Nilpotency of the BRST operator

Question

I'm styding chapter 16 of Peskin and Schroeder, in section 16.4 on the BRST symmetry, Peskin and Schroeder first checks (on page 518) that if $Q$ is the BRST symmetry operator, then $$Q^2\phi=0\tag{16.48}$$ for any field operator $\phi$, then they claim on page 519:

Because the Lagrangian has the continuous symmetry (the BRST symmetry), the theory will have a conserved current, and the integral of the time component of this current will be a conserved charge $Q$ that commutes with $H.$ The action of $Q$ on field configurations will be just that described in the previous paragraph.

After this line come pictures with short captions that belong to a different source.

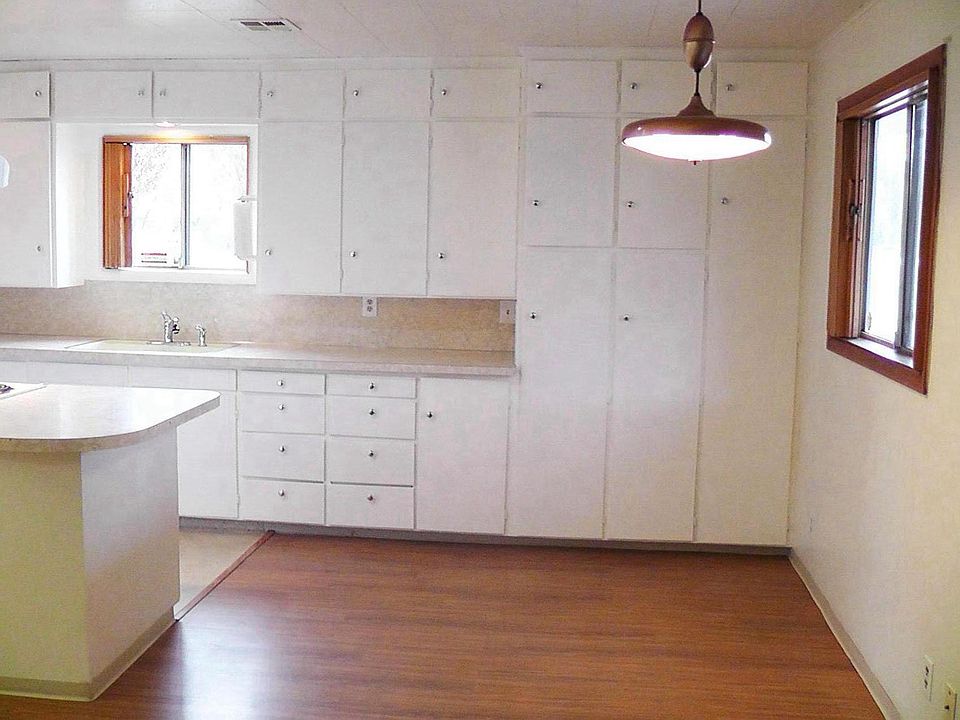 Wall to Wall Kitchen Cabinets
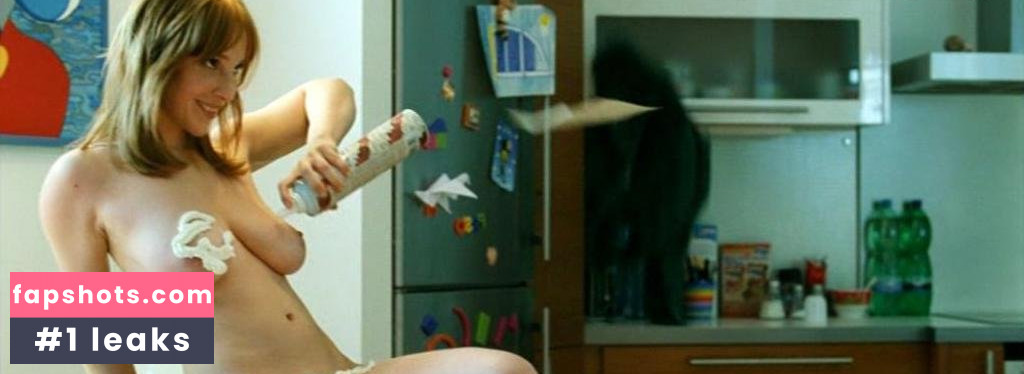 Vica Kerekes gallery photo #28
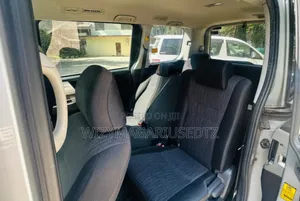Toyota Noah 2.0 143hp AWD (7 Seater) 2010 Silver
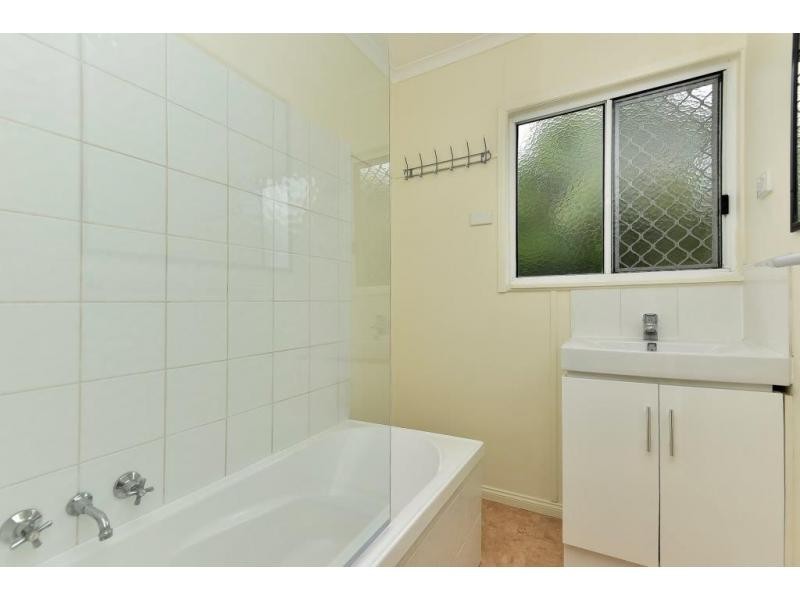 472 Kingston Road, Kingston QLD 4114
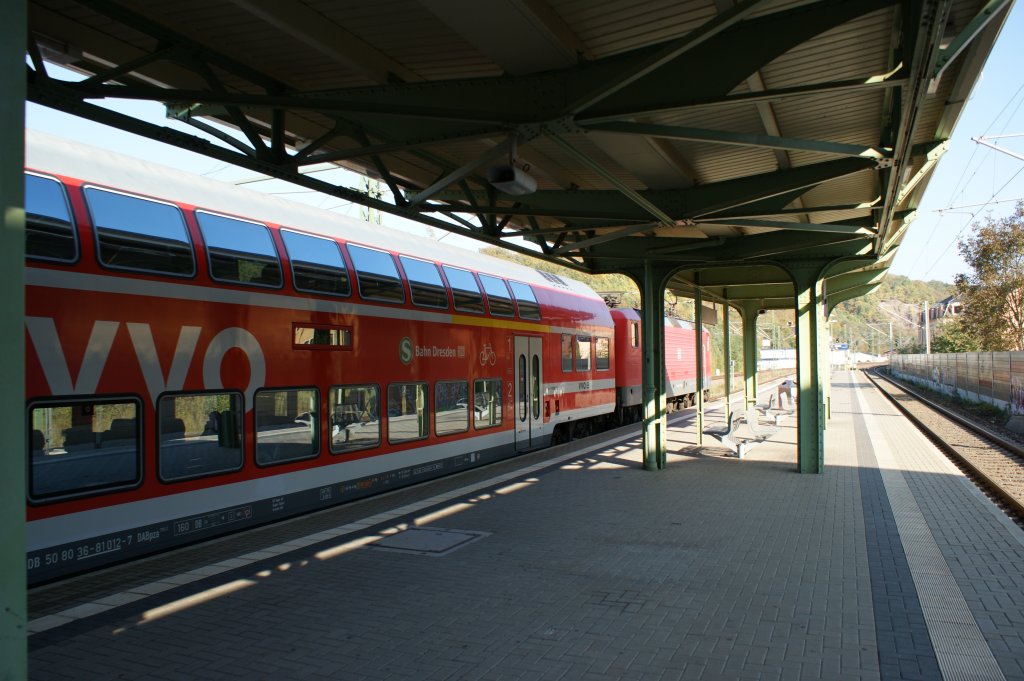 23.10.2011, Bahnsteig Freital-Potschappel, S-Bahn des VVO (Verkehrsverbund Oberelbe) in Richtung Tharandt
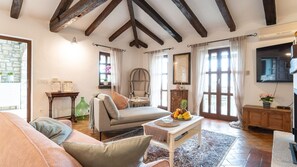 Televisión y chimenea 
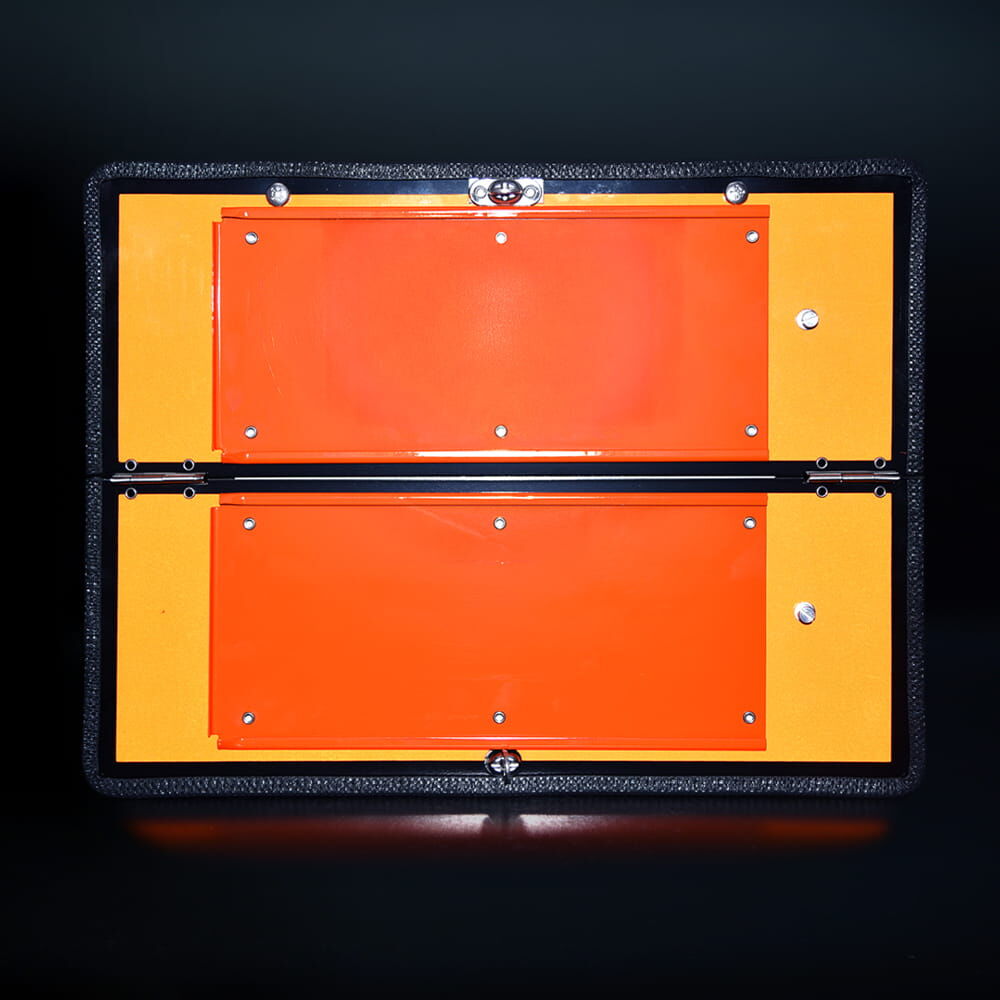 Reflektierende, klappbare ADR-Tafel mit schwarzem Rahmen, leuchtend orange auf dunklem Hintergrund.
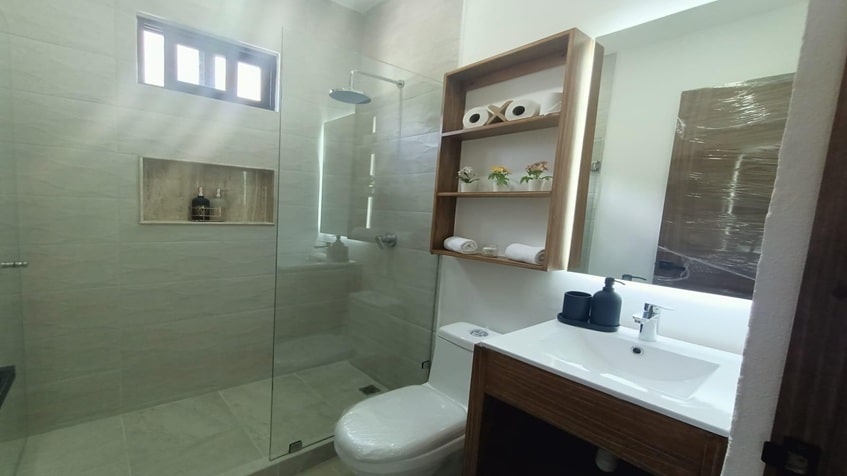 un baño con una ducha y un excusado en vanessa 20 playa del carmen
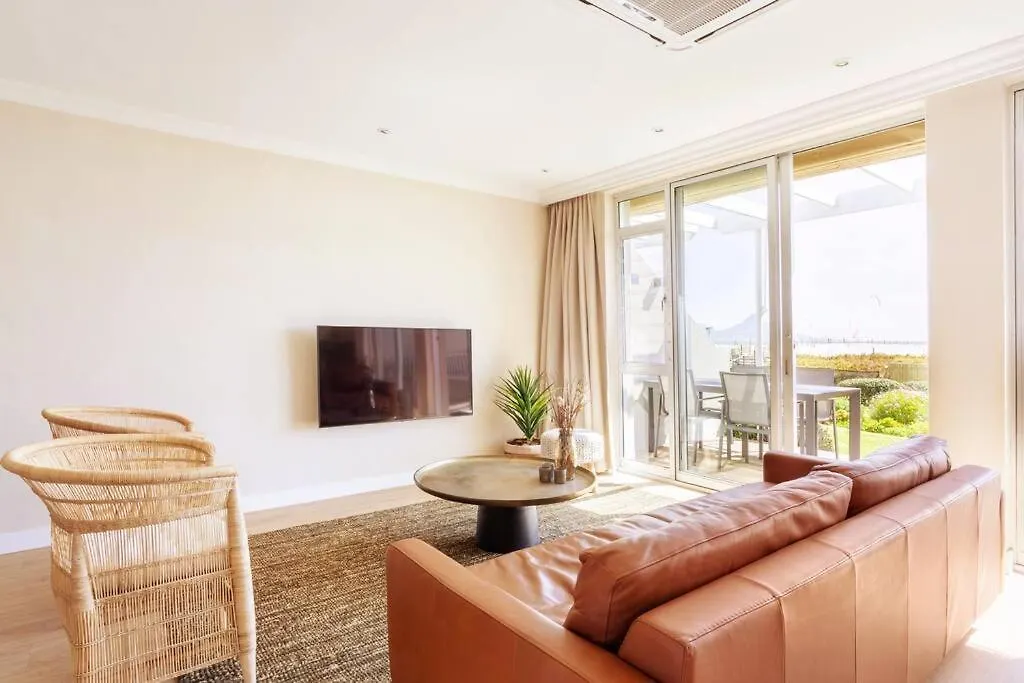 Dolphin Beach Cabana Luxe Beach Cabana Voor 4 Personen Direct Aan Het Strand Table View Διαμέρισμα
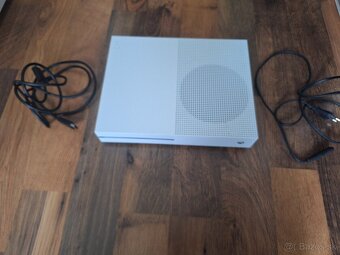 Xbox one S - 2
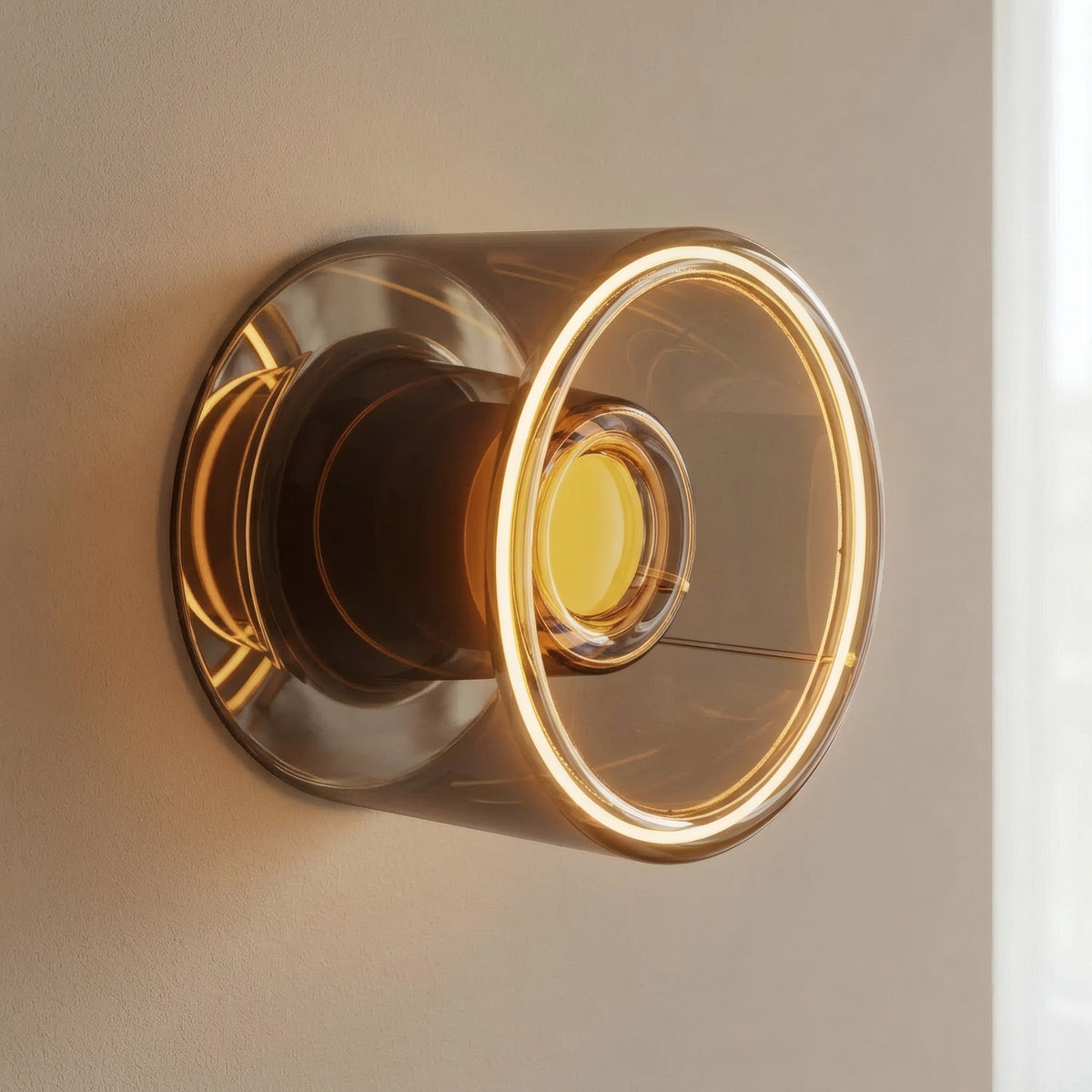Ampoule LED donut E27 en verre fumé Ø 120 mm allumée en applique murale sur un mur uni neutre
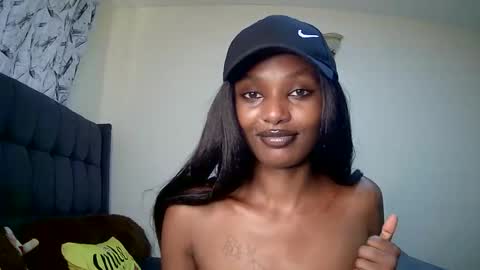 Snapshot of flirtyy_sheery chatting on January 22, 8:18 am sheery online show from January 22, 8:18 am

From here Peskin and Schroeder says if $Q$ now denotes the integral of the time component of the conserved charge, then $$Q^2=0\tag{16.50}.$$ My question is: why is it that the BRST symmetry operator itself being nilpotent implies that the conserved charge is also nilpotent? Why is it true that " the action of $Q$ on field configurations will be just that described in the previous paragraph"?

Answer 1

1. The situation is easiest to explain in a Hamiltonian formulation. (P&S start in a Lagrangian formulation, but state on top of p. 519 that one should transcribe their formulas into the Hamiltonian language.) Then the infinitesimal BRST variation $\delta$ is given by $$\delta ~=~ \epsilon [Q,\cdot],$$ where $Q$ is the Grassmann-odd BRST operator, $\epsilon$ is an infinitesimal Grassmann-odd parameter, and $[\cdot,\cdot]$ is a super-commutator.

2. The BRST operator $Q$ is also the Noether charge for the BRST symmetry, i.e. $Q$ is the BRST charge, cf. e.g. my Phys.SE answer here.

3. Ref. 1 shows that given a gauge symmetry, there exists a Grassmann-odd Hermitian nilpotent BRST operator $Q^2=0$ (of ghost-number 1), and a (possibly BRST-improved) Grassmann-even Hermitian Hamiltonian operator $H$ (of ghost-number 0) that commutes with $Q$.

References:

1. M. Henneaux & C. Teitelboim, Quantization of Gauge Systems, 1994; Chapter 9.